(Data under study):
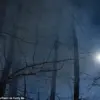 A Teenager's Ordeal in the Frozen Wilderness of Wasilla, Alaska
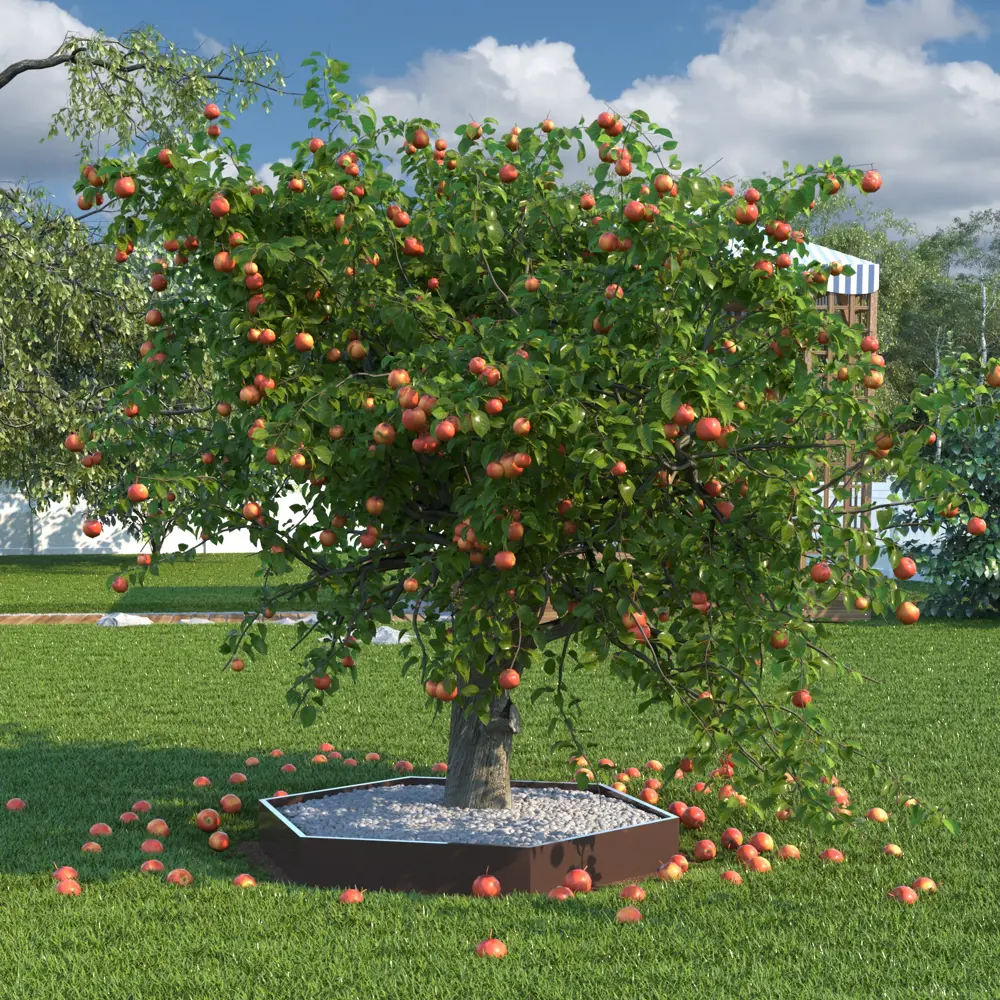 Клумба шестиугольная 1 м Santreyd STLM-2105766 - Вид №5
* * *
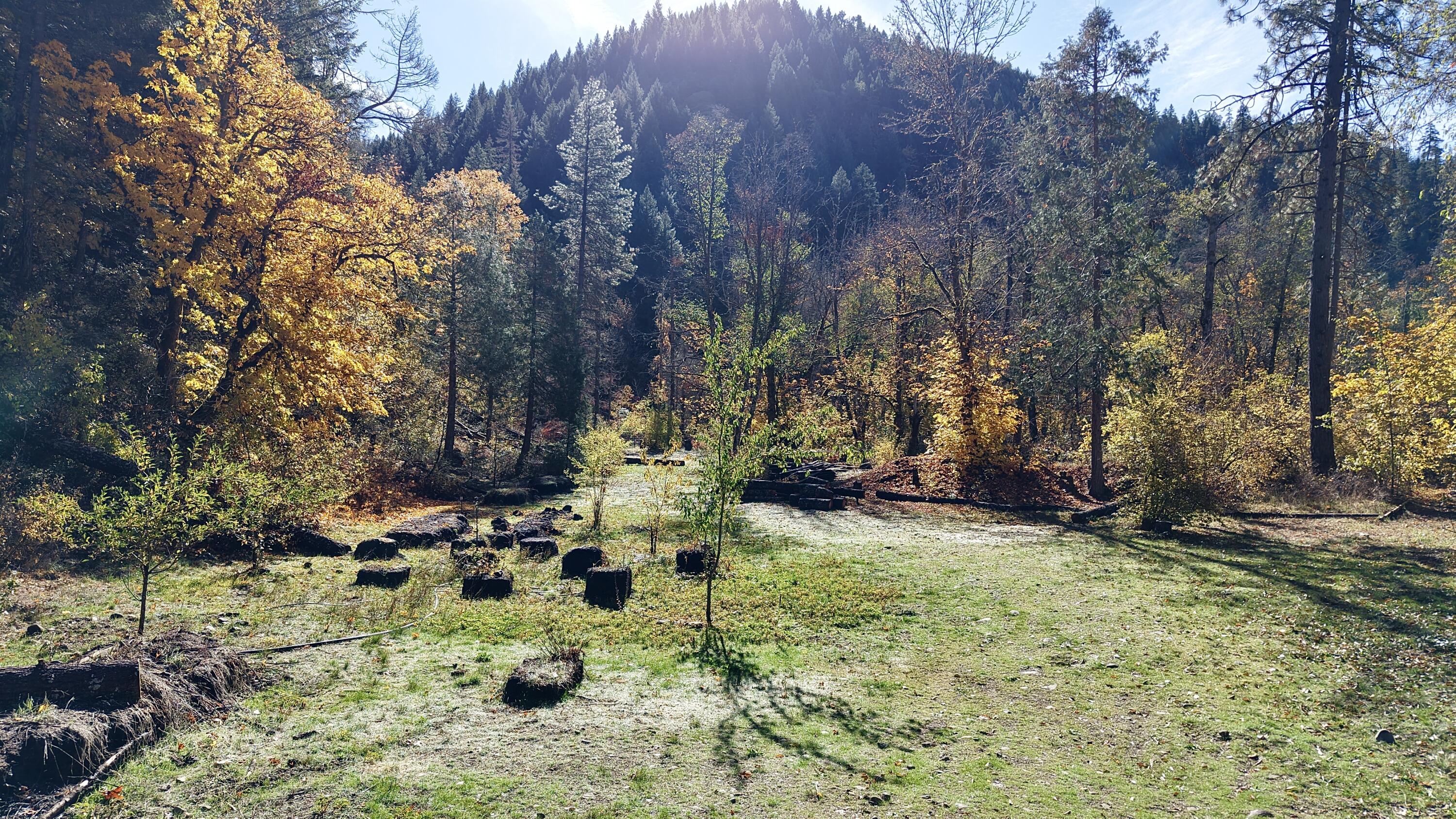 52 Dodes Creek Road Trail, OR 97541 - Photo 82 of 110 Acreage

(What to work on):
Copy exactly the part of the material above that opens with the line containing "A Teenager's Ordeal" and closes with the line containing "Клумба шестиугольная 1", ends included. Drop the images.

(Solved problem):
 A Teenager's Ordeal in the Frozen Wilderness of Wasilla, Alaska
 Клумба шестиугольная 1 м Santreyd STLM-2105766 - Вид №5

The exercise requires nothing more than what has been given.